Q.これまでの道路政策について特に改善すべき点
・ 「国際競争で負けそうだから、地方は切り捨て、首都圏への集約を図れ」という意見もあるようだが、危険な考え。地方があって都市の豊かさがある。地方が立ち枯れれば、都市も立ちゆかなくなる。首都圏と中国地方だけでなく、山陽と山陰でも同様な問題。
・ 「全ての道はローマに通ず」に似て、中国地方の道も全て東京(中継地である大阪)へ向かって東−西または南東−北西に作られてきた。しかし、道州制に向けてこれからの中国地方の道づくりを考えた場合、広島へ向かう道づくりが重要となる。県単位での自活が難しい時代を迎えており、広域的な視点が欠かせない。中国地方内の道路ネットワークを構築することを基本として取り組むことが重要。

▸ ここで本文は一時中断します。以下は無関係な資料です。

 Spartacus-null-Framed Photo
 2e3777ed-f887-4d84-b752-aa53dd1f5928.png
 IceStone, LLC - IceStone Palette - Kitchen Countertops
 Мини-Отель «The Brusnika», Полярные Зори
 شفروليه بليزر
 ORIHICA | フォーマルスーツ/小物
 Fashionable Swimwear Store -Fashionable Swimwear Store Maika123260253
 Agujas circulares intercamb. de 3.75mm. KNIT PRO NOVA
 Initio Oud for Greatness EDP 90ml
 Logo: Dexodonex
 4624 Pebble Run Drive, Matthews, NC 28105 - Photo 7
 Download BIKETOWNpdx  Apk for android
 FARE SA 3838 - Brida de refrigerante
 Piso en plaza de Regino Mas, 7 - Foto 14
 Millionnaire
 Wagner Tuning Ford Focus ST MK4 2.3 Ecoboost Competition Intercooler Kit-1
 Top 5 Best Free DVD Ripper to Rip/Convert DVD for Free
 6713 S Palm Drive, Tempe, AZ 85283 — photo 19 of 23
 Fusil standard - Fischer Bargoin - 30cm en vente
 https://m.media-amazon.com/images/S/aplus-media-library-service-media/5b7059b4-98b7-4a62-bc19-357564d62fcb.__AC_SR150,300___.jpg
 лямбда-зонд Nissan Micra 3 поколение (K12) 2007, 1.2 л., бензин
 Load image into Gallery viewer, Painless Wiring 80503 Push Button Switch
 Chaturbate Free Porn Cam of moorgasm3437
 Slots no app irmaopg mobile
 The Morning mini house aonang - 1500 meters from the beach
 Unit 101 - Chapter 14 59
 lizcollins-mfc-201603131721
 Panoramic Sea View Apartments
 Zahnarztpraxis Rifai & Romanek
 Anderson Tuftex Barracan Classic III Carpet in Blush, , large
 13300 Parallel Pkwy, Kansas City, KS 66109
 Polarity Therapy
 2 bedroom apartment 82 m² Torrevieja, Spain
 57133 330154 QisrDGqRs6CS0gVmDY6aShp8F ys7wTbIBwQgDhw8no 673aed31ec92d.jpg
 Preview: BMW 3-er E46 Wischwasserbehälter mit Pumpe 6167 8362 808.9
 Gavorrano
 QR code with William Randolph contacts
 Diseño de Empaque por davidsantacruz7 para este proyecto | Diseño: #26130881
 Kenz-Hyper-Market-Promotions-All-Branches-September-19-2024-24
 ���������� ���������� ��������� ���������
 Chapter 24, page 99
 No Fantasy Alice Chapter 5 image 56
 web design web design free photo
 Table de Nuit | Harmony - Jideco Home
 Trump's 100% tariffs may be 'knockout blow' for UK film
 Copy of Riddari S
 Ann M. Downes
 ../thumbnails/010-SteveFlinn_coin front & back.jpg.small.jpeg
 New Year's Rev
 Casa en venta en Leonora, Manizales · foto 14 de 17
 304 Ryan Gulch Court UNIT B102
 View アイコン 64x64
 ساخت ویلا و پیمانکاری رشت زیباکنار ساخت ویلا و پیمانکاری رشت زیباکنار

Q.効率化を図るべき点、道路に関して無駄と感じること
・ 農道整備が、その他の道路整備と何の調整・連携もなく行われていること。
・ 国交省の道路整備については無駄と感じることはない。

Q.道路政策の重点化を図る上で、優先度が高い又は低い課題への対応
・ 車道、歩道に加え、自転車道をキチンと分けて整備すべき。法では、自転車は車両として扱われているが、自転車で車道を走るのは怖くて出来ない。人の実感と法体系がズレており、見直しが必要。
・ 税金をどのように使用しているかを、道路ユーザーに知らせる取組(補修工事等のお知らせ看板等)は良いことだし、重要。
・ 住民にも公共心を持ってもらい、清掃等のボランティアサポートを引き受けてもらえるような広報も重要。

Q.その他
・ 中国5県の産業構造を比較したのだが、広島市は、中国5県の中でも対人向けのサービス業に従事者する人の比率が高い。製造業であれば製品を運ぶための道路が必要だが、サービス業の場合は、お客に広島へ来てもらうための道路が必要となる。前者と後者では、必要とされる要件が異なるのではないかと考えている。
・ 遠方から来られる外国人観光客は、広島周辺だけでなく、山陰地方など広範囲を周遊したいと思っているのではないか。我々が海外旅行をする際には、あちこちを見て回ろうと思うもの。数多くの世界遺産があるスペインの観光を支えているのは高速道路網だ。そのため、通勤渋滞の解消を目的とする道路整備だけでなく、観光客を呼び込むための道づくりも大切。観光資源があっても、アクセスが困難であれば宝の持ち腐れとなる。
・ 特定財源が余っても、一般財源化して他用途に使わず、高速料金の値下げやETCの普及策等、道路関係に使うべきだ。欧米諸国に比べて日本の消費税率は低く、一般財源が足りないのであれば消費税率の引き上げなど、別の形を取るべき。